Asked what keeps her grounded, Christ said that her son, daughter-in-law and two grandchildren have moved in with her, giving her needed perspective. She also tries to find time to play the viola and piano.

“My 6-year-old granddaughter doesn’t quite understand my job,” Christ said to laughter from the audience. “She thinks I’m the principal of this school. She says ‘You arrange everyone’s schedules, don’t you grandma?’”

Andrew Eppig, a institutional research analyst in the Division of Equity and Inclusion, said he appreciated hearing directly from Christ.

“I think she is a clear and thoughtful communicator,” Eppig said. “I was most interested in how she talked about the issue of student housing. That is certainly one of the struggles our students face.”
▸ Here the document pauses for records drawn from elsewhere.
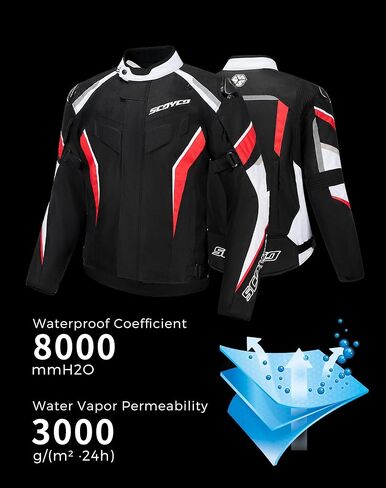 Scoyco Men's Street Motorcycle Jacket Waterproof Motorbike Jacket with CE Armor Removable Thermal Liner Cordura Moto Jacket in Saudi Arabia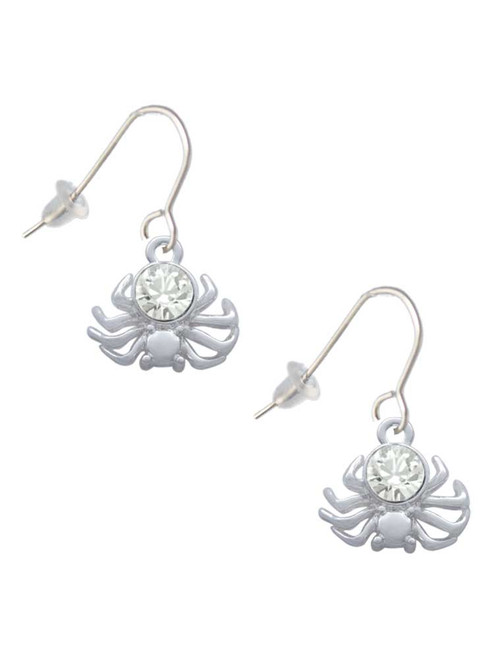 3-D Clear Crystal Spider French Earrings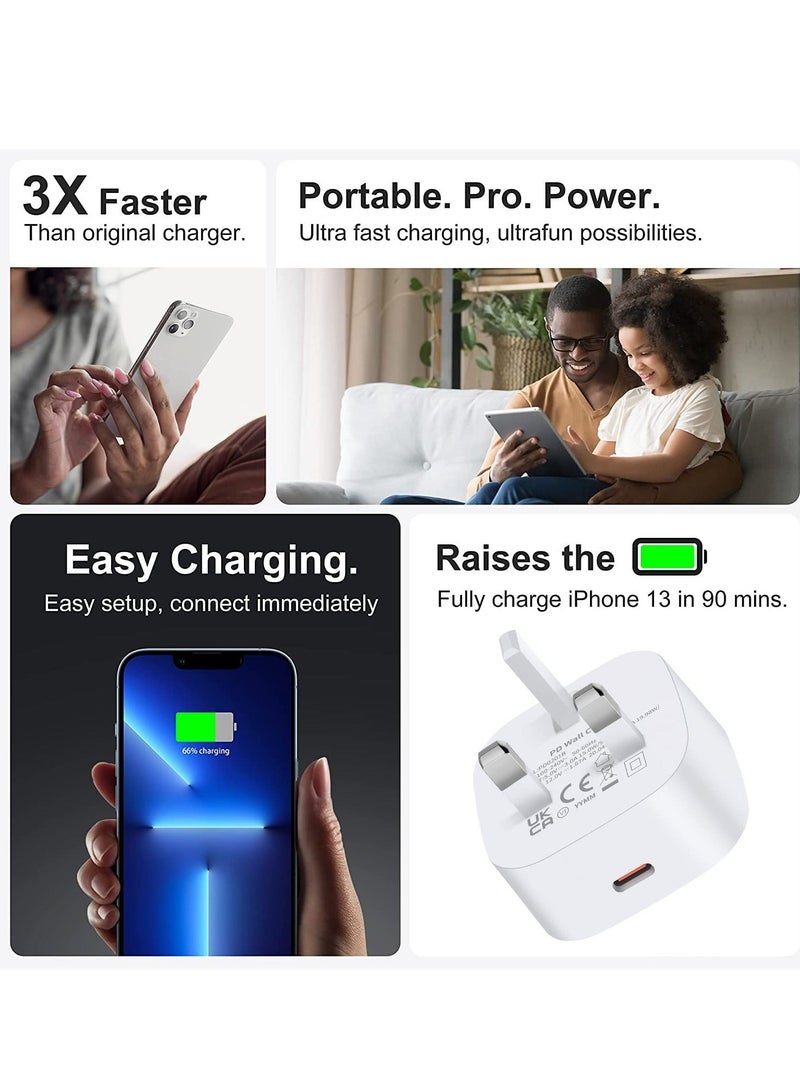 Captaintech USB C Plug for iPhone, 20w USB C Charger for iPhone14, Pd Power 3.0 Delivery Fast Charger, USB C Wall Charger Pd Compatible with iPhone 14 13 12 Pro Max - Image 4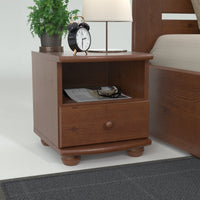 Claudia Kiefer Massivholz Nachttisch Nachtschrank | 1-Schublade und 1 Regal | 100% Bio Kiefer
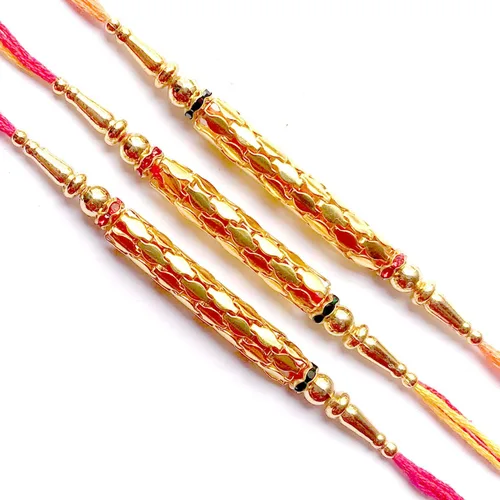 Miniatura 2 de Juego de 3 pulseras Rakhi Raksha Bandhan hechas a mano Rakhee Raksha Bandhan Raksha Bandhan regalo de color y diseño pueden variar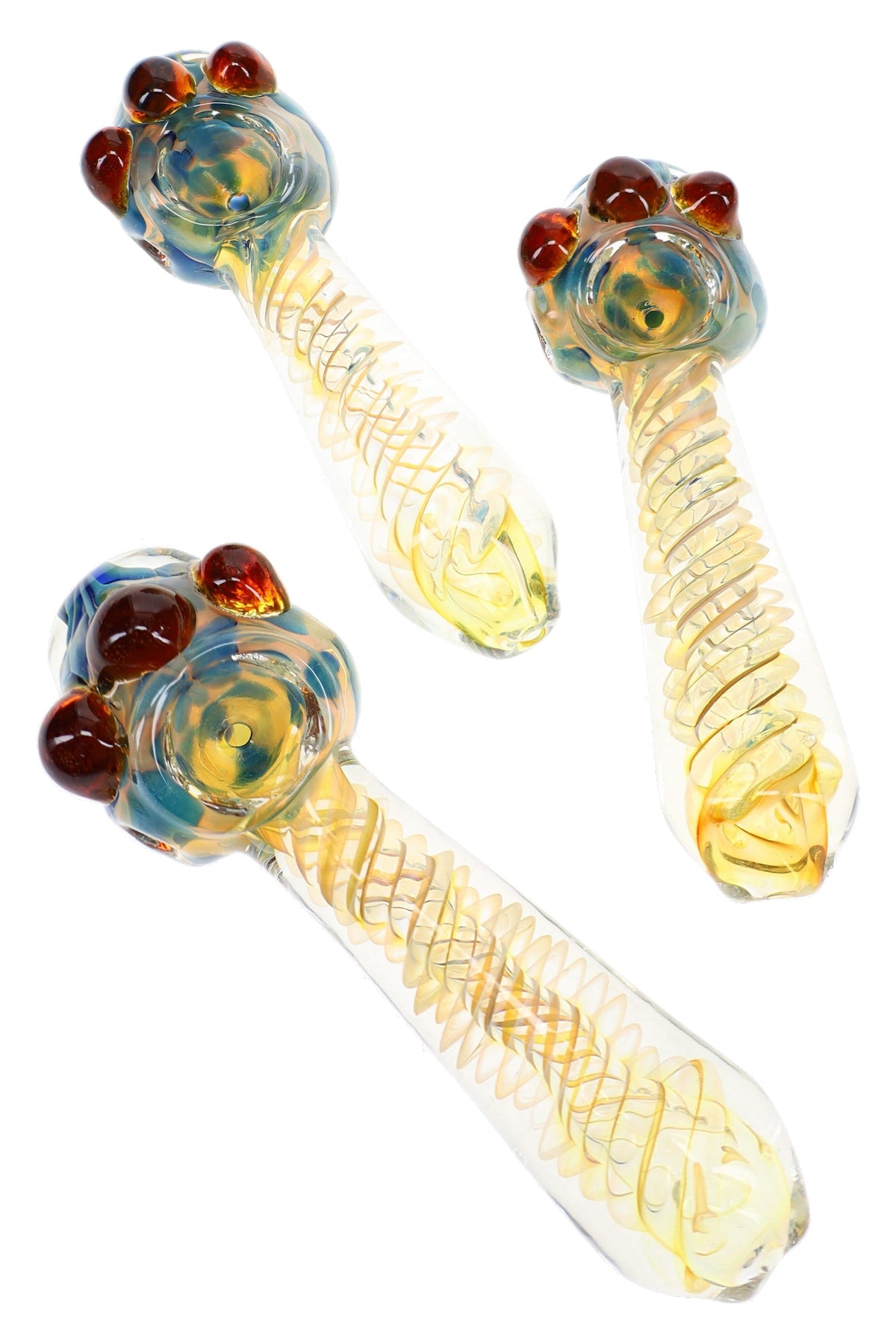 Color-Changing Spiral Bubble Glass Spoon Pipe “Marble Halo” – 5½″ – Assorted Colors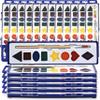Color Swell Bulk Watercolor Paint Set 18-Pack with 8 Washable Colors & Shape Learning Tools Includes Strong Wood Brushes for Kids view 1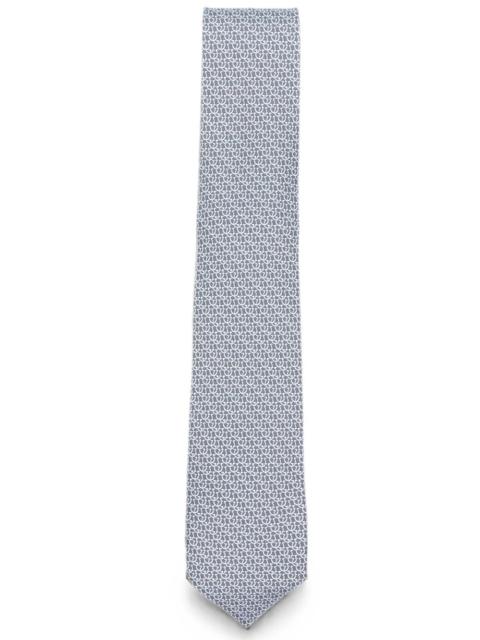 FERRAGAMO SILK TIE WITH LOGO AND LETTERING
Christ said she had no doubt that Berkeley would balance its budget by 2020, and turn to a period of stability.

“I am completely confident that we’re going to balance our budget by 2020; I see the path there, we’re going to get there,” she said near the end of the event. “It would be terrible for the campus to just feel like you’re in this endless tunnel of despair of not having a balanced budget.”

“We have a university that is great,” she added. “So it is on all of us to make the choices that sustain that greatness.”